Parsley's most wanted list for 2011:

After having a look at the Somerset Art Weeks catalogue over the last month I've picked out lots that I'd like to go out and see and the following is a selection of some of the venues that appealed to me. I'm not sure exactly what people look for when choosing what art week venues to visit, do you use the catalogue to decide? Or do you just hop in the car and drive down Somerset's country roads in search of yellow signs? Myself, I tend to visit venues where my friends are exhibiting (naturally, of course I would) or I am drawn in to finding new art work based on how interested or intrigued I am by the image in the catalogue. There are plenty of other ways people decide, based on location, what's happening near and around where you live, or by art practice.

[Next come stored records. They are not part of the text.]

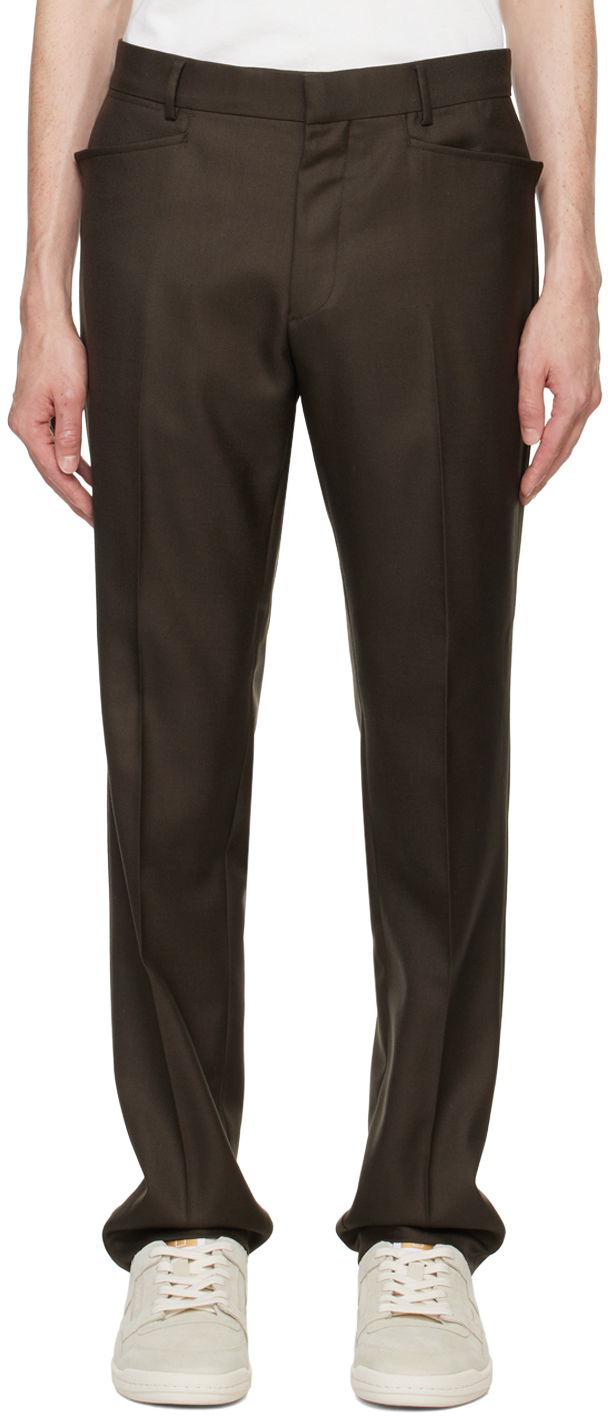 Nohavice Tom Ford Brown Atticus Western Pocket Trousers Čierna | PLAW01-WMS22, 0
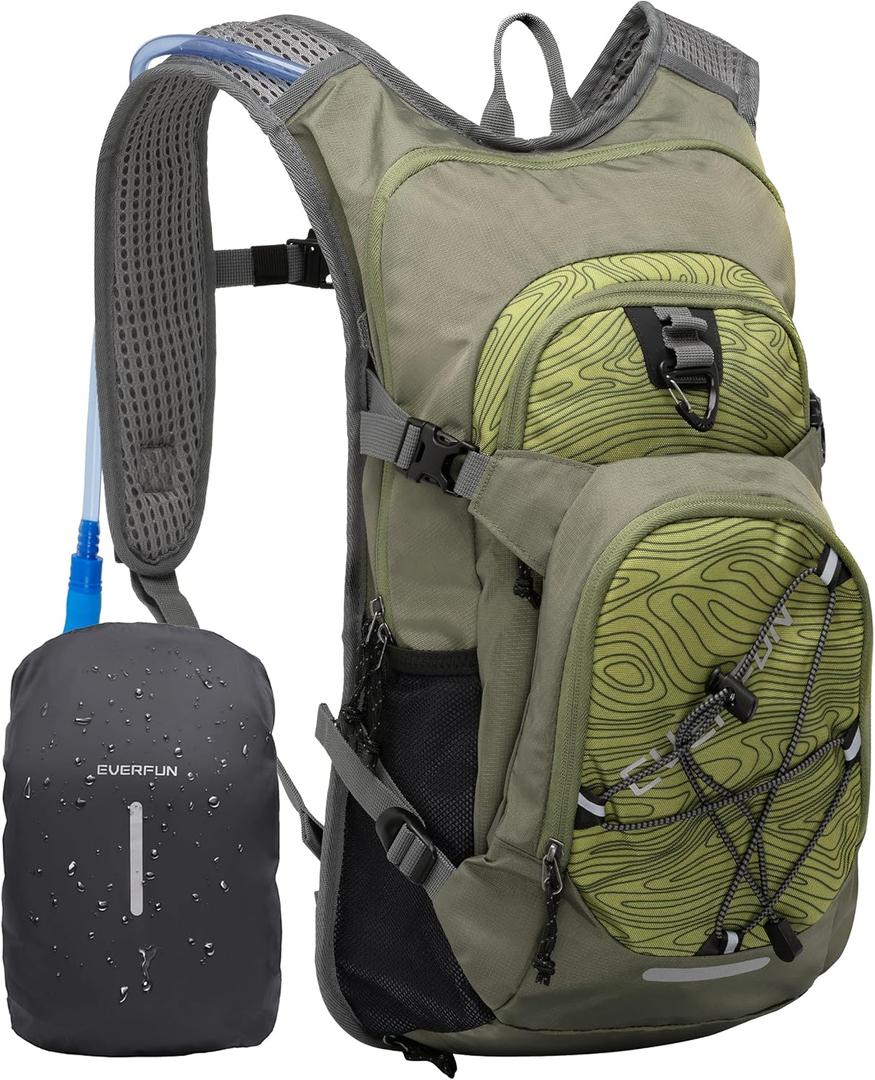 Everfun Hydration Backpack 18L with Water Bladder 2L Hiking Water Backpack Women Men Hydration Pack Insulated Lightweight Day Hydropack with Storage for Hiking, Biking, Running, Festival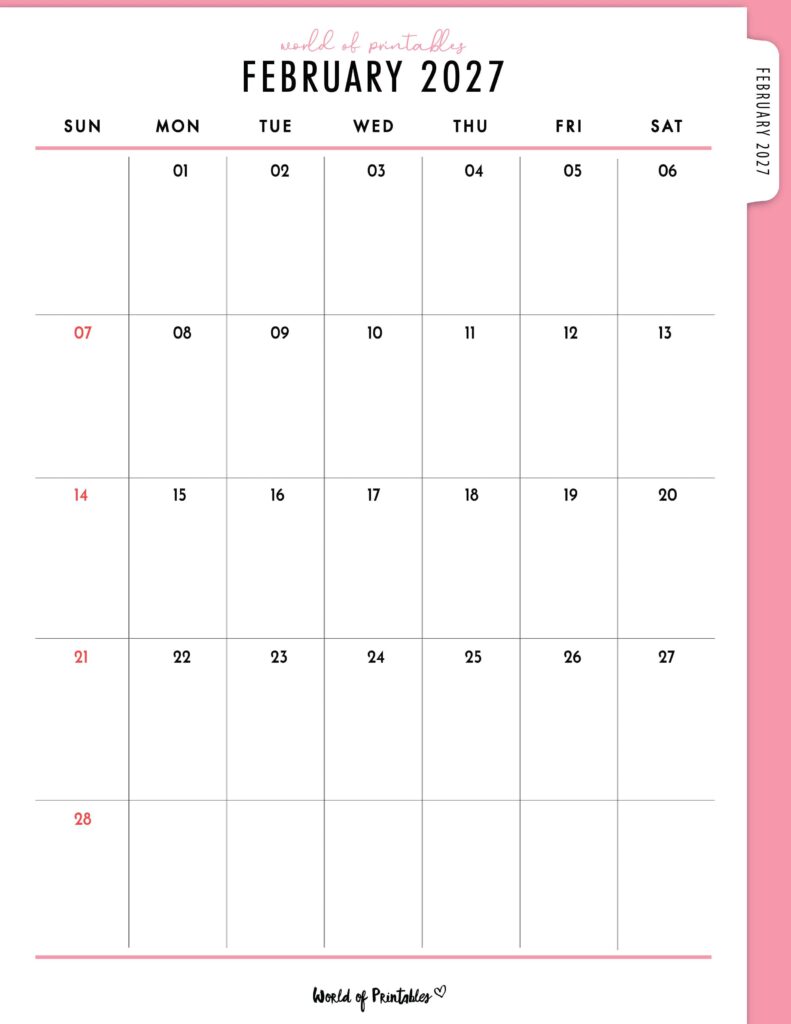 Printable February 2027 Calendar Design 308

Anyway, whatever the reason you always end up finding new things along the way. So get out there and enjoy art weeks this September 17th til October 2nd. Without further ado here's my picks of 2011... In no particular order!

Click on the link below each venue which will provide further details of each venues location/opening times/contact details and more:

Four mediums-Many creatures: Venue 35

Metal work, painting, prints, drawing, photography and sculpture from four artists: Michelle McCullagh, Deborah Burt, Emma Harris and Amy Goodman.
Transient Threads: Venue 17
New work by Laura Rouse, Jenni Dutton, Ingrid Helsing and Esme May in the fantastic Tithe barn in Cotley. Had our show here last year, its a brilliant building. Look forward to seeing how its used this year.

Painting and animation: Venue 58

Paintings from Kate Noble and animations from loads of artists!

Sheds: Venue 102

Coming to you from Hemyock (Blackdown Hills artists and makers) a.k.a BHaam! explore, er... Sheds. Expect curiosities and discoveries aplenty.

The Reading Room: Venue 65

Meet the Calvers': Meg, Michael, Julia and Harriet as they install sketchbooks, notebooks and writing in the Reading room at Wrington.

Light Scribbles, Oakland Children's Centre Yeovil: Venue 10

Photographic images of work created by children at the Oakland's children's centre. Great photo here from the catalogue, I'm very intrigued to find out more.

Operation Chameleon: Venue 1

Jon England reveals his new work in response to the restoration of a WWII Grumman Martlet by The Fleet Air Arm Museum. The exhibition also set inside the museum features site specific installation/mixed media pieces that use both imagery and meticulous processes associated with forensic archaeology and history.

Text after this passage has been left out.